Many would think there’s a quick solution: move out. It is rarely that simple, and the events of the past year have proven so even more. Since March 2020, moving out has been something that is increasingly difficult, as letting agencies are unable to organise in-person viewings; people have lost jobs or had their income cut; and the procedure of physically moving is difficult when you can’t go within two metres of anyone else. For someone who is already stressed from being abused, this process can be unbearable.
Even if it wasn’t for the pandemic, it is not that easy. Not every adult has a job, and not every adult is able to get a job, even if they want to. Even some people with jobs are on such a low income that it’s difficult to find affordable housing. If you’re being abused by a flatmate, you may understandably be wary about moving in with other flatmates, but living alone is often more expensive. When the options are staying put or being unable to afford food or heating, the choice is not a real one.
It becomes harder still if you’re disabled and require support from someone you live with. If they’re abusing you, it can be impossible to leave. Due to Tory cuts and austerity measures, many disabled people are unable to get funding for paid carers, so need to rely on family members regardless of how they’re treated. (This is aside from the many documented abuses by paid carers too, of course). In a choice between accepting poor treatment, and risking death through no support, most people will choose the option they’re most likely to actually survive.

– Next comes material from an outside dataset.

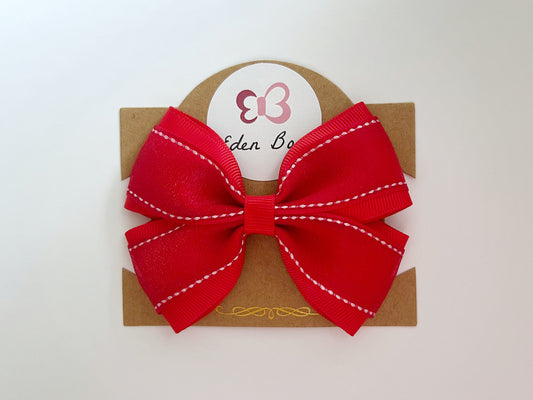 Poppy red organza big bow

If you’re an adult, and your in-house abuser isn’t an intimate partner, you’re not eligible for the vast majority of services. Thus, people in this position often have to choose between enduring abuse or becoming homeless. If they choose the latter, they’ll often be classed as voluntarily leaving their home and thus ineligible for any formal support. Therefore, it can become impossible to find somewhere else to live, and the person will just slip through the cracks into the cycle of joblessness and homelessness that is so hard to break.
Many people in these situations will attempt to access help, only to be turned away from various services because they’re not eligible due to where the abuse is coming from. And even for people who manage to access services provided by charities, the legal definitions mean official state help is hard to come by. So how, exactly, are you meant to move out and find safety when you’re told you’re not eligible for housing, you will be abandoned, and they don’t really care if you starve?

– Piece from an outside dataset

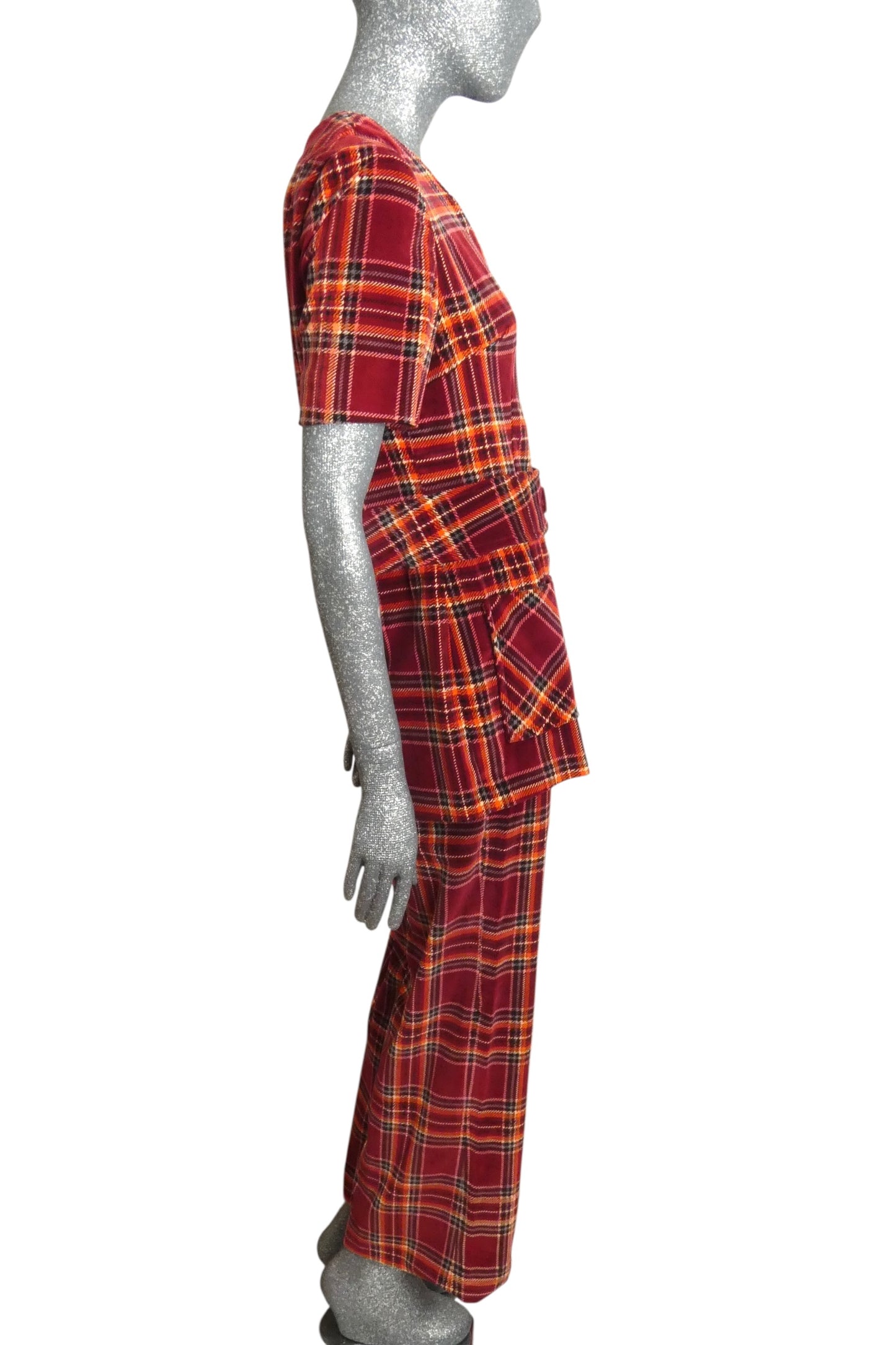 1970s Plaid Velvet Pantsuit, Size 2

There needs to be an examination of what, exactly, is classified as domestic abuse in this country. Services need to exist for people in situations that, while less common than intimate partner violence, still affect many people. If we want to create a truly inclusive Scotland, we need to create a country where everyone has the opportunity to feel safe, and not just people who fit into narrow legal boxes. Which means we need to extend protection and support to people being abused by other figures.

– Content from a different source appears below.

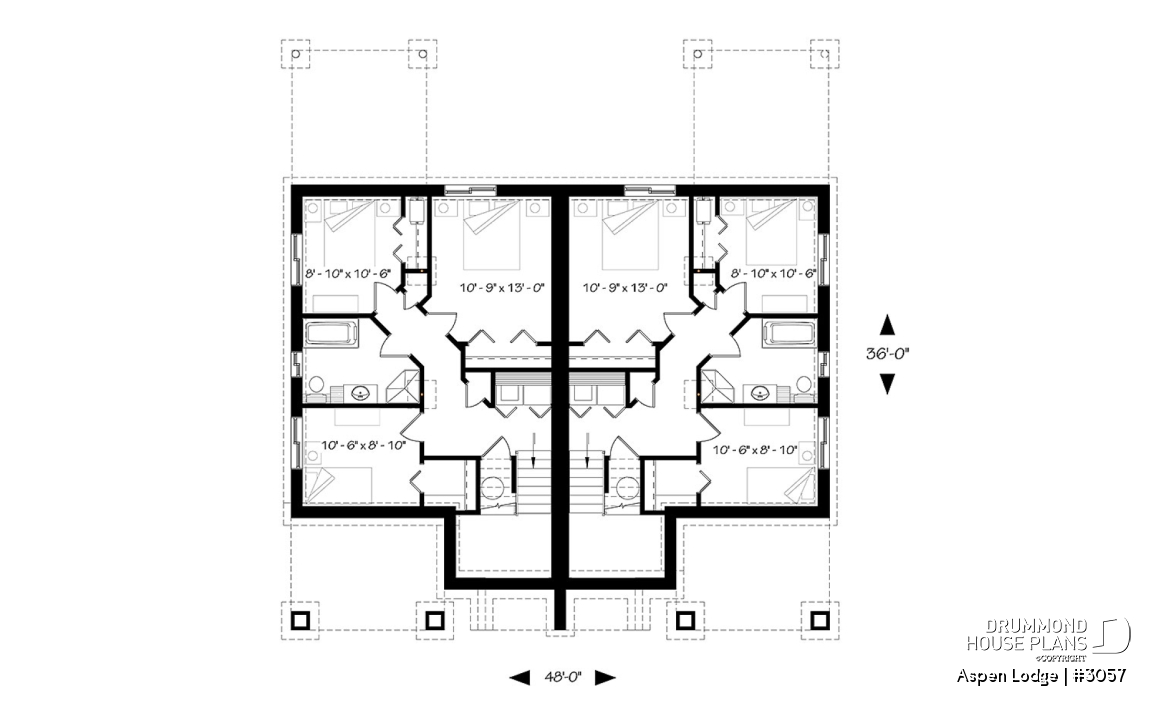 Basement - Split entry duplex house plan, great main floor open concept, pantry, kitchen island, 3 beds, 1.5 baths - Aspen Lodge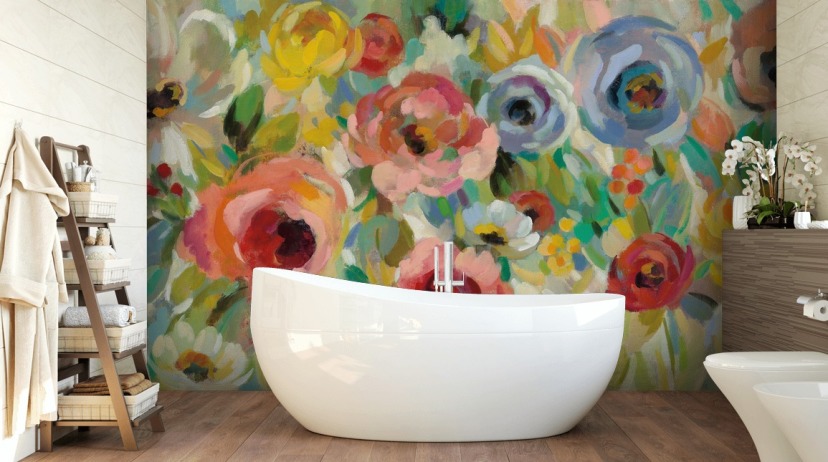 Buntes Blumen-Wandbild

Stay home, stay safe. Everyone recognises the covid-19 slogan. This year has been hard on everyone. But imagine reading that slogan every day, on billboards, on social media ads, on podiums in front of politicians making speeches, when your home isn’t safe. When you have a choice only between danger outside, and danger inside. And then, when you call for support, you’re told you’re ineligible. Things need to change for people who have fallen through the cracks, people for whom staying home is anything but staying safe.